NUMERICAL STABILITY ANALYSIS OF OIL COLLECTOR CASE SELF-EXCITED VIBRATIONS

The investigation subject is an Oil Collector Case which is a thin axisymmetric stator part with console binding to the turbine rear frame. It had been suffering from high level vibrations and needed fixing measures to apply. Self-excited vibrations supposed as the main reason for defects to occur. The problem was examined in the engine and test rig conditions. The energetic method which is usually applied to blade flutter problems was used for aeroelastic stability analysis. Radial surface displacements were set according to the harmonic oscillation function that corresponds to the oil collector's first bending eigenmode with two nodal diameters. 3D aerodynamic model represents a 180 degrees sector, thus ensures that surface displacements and gas parameters on periodic surfaces are equal. A set of simulations was carried out and calculated; the aerodynamic damping coefficient values showed aeroelastic instability predisposition in both the engine and test rig conditions for most test cases.
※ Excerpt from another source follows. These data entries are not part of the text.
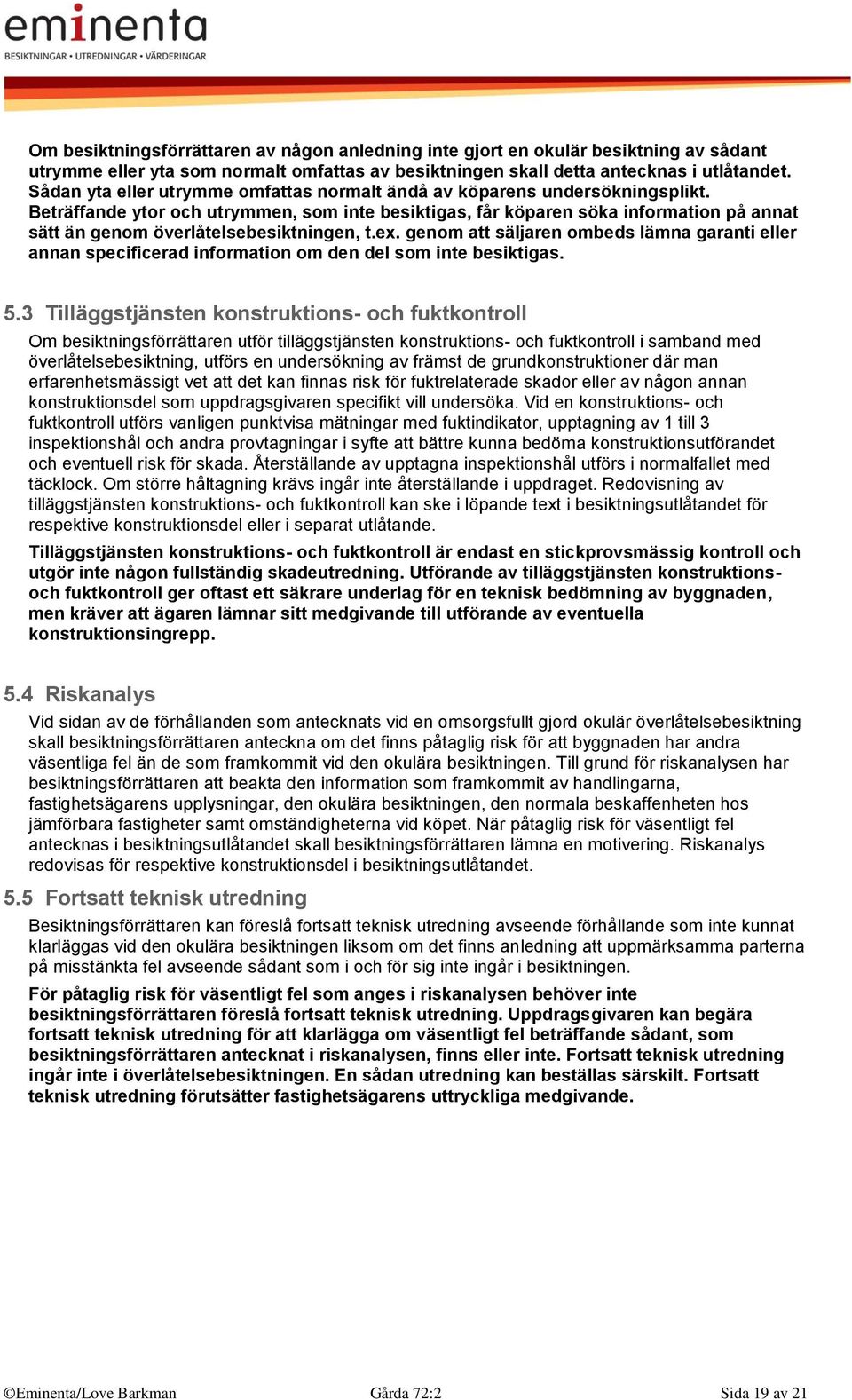 Beträffande ytor och utrymmen, som inte besiktigas, får köparen söka information på annat sätt än genom överlåtelsebesiktningen, t.ex.
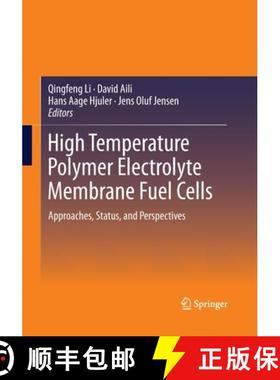 【3-4周达】High Temperature Polymer Electrolyte Membrane Fuel Cells : Approaches, Status, and Perspec... [9783319357553]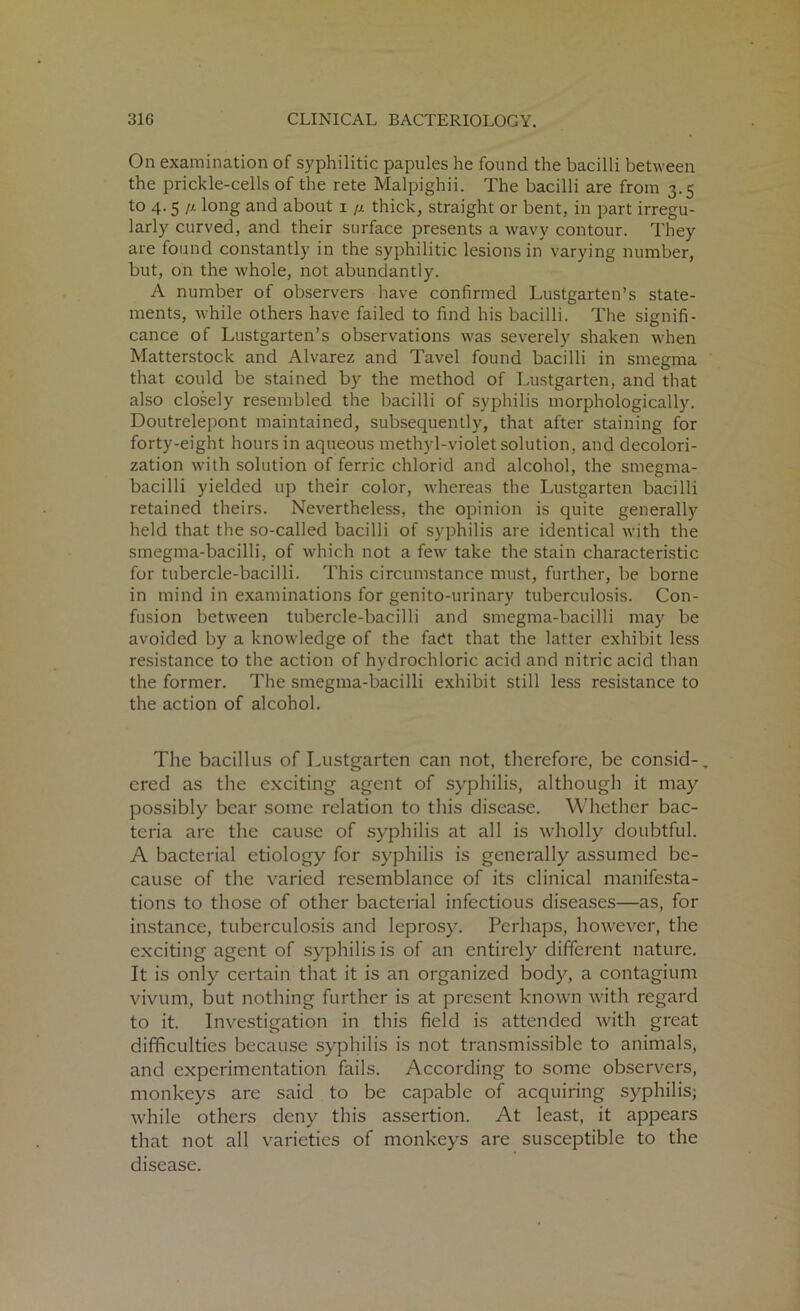 On examination of syphilitic papules he found the bacilli between the prickle-cells of the rete Malpighii. The bacilli are from 3.5 to 4.5 n long and about 1 /i thick, straight or bent, in part irregu- larly curved, and their surface presents a wavy contour. They are found constantly in the syphilitic lesions in varying number, but, on the whole, not abundantly. A number of observers have confirmed Lustgarten’s state- ments, while others have failed to find his bacilli. The signifi- cance of Lustgarten’s observations was severely shaken when Matterstock and Alvarez and Tavel found bacilli in smegma that could be stained by the method of Lustgarten, and that also closely resembled the bacilli of syphilis morphologically. Doutrelepont maintained, subsequently, that after staining for forty-eight hours in aqueous methyl-violet solution, and decolori- zation with solution of ferric chlorid and alcohol, the smegma- bacilli yielded up their color, whereas the Lustgarten bacilli retained theirs. Nevertheless, the opinion is quite generally held that the so-called bacilli of syphilis are identical with the smegma-bacilli, of which not a few take the stain characteristic for tubercle-bacilli. This circumstance must, further, be borne in mind in examinations for genito-urinary tuberculosis. Con- fusion between tubercle-bacilli and smegma-bacilli may be avoided by a knowledge of the fact that the latter exhibit less resistance to the action of hydrochloric acid and nitric acid than the former. The smegma-bacilli exhibit still less resistance to the action of alcohol. The bacillus of Lustgarten can not, therefore, be consid-. ered as the exciting agent of syphilis, although it may possibly bear some relation to this disease. Whether bac- teria are the cause of syphilis at all is wholly doubtful. A bacterial etiology for syphilis is generally assumed be- cause of the varied resemblance of its clinical manifesta- tions to those of other bacterial infectious diseases—as, for instance, tuberculosis and leprosy. Perhaps, however, the exciting agent of syphilis is of an entirely different nature. It is only'- certain that it is an organized body, a contagium vivum, but nothing further is at present known with regard to it. Investigation in this field is attended with great difficulties because syphilis is not transmissible to animals, and experimentation fails. According to some observers, monkeys are said to be capable of acquiring syphilis; while others deny this assertion. At least, it appears that not all varieties of monkeys are susceptible to the disease.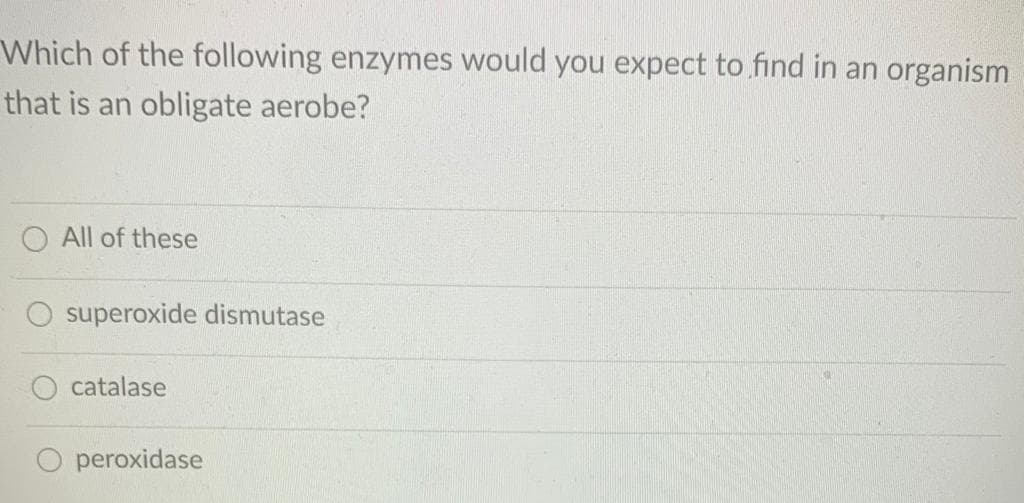 Which of the following enzymes would you expect to find in an organism
that is an obligate aerobe?
All of these
superoxide dismutase
catalase
peroxidase

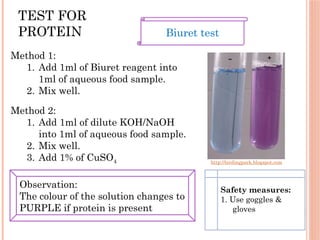 TEST FOR
PROTEIN
http://birdingpark.blogspot.com
Biuret test
Method 1:
1. Add 1ml of Biuret reagent into
1ml of aqueous food sample.
2. Mix well.
Method 2:
1. Add 1ml of dilute KOH/NaOH
into 1ml of aqueous food sample.
2. Mix well.
3. Add 1% of CuSO4
Observation:
The colour of the solution changes to
PURPLE if protein is present
Safety measures:
1. Use goggles &
gloves
 
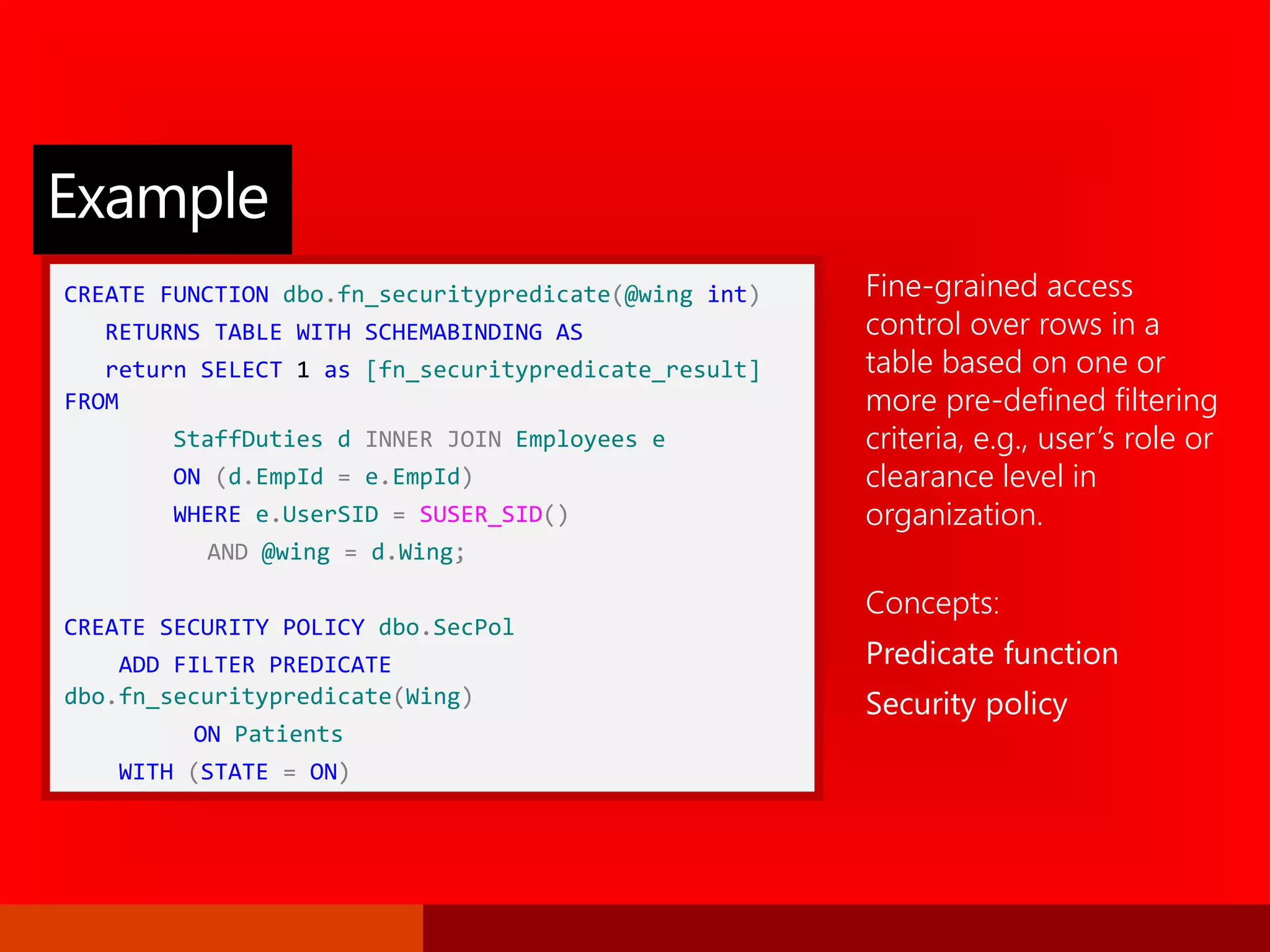 CREATE FUNCTION dbo.fn_securitypredicate(@wing int)
RETURNS TABLE WITH SCHEMABINDING AS
return SELECT 1 as [fn_securitypredicate_result]
FROM
StaffDuties d INNER JOIN Employees e
ON (d.EmpId = e.EmpId)
WHERE e.UserSID = SUSER_SID()
AND @wing = d.Wing;
CREATE SECURITY POLICY dbo.SecPol
ADD FILTER PREDICATE
dbo.fn_securitypredicate(Wing)
ON Patients
WITH (STATE = ON)
Fine-grained access
control over rows in a
table based on one or
more pre-defined filtering
criteria, e.g., user’s role or
clearance level in
organization.
Concepts:
Predicate function
Security policy
Example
Influence of such model parameters as seal radial clearance, pressure ratio, inlet air temperature, wave propagation direction and rotor speed was investigated. A detailed analysis showed that for instability case positive aerodynamic work region lies inside the oil collector cavern downstream labyrinth seal where pressure wave and surface displacement speed wave are close to synchrony. Probable excitation mechanisms were described and discussed. It was demonstrated that aeroelastic instability of the same type as it was in the engine conditions can be reproduced in the test rig conditions.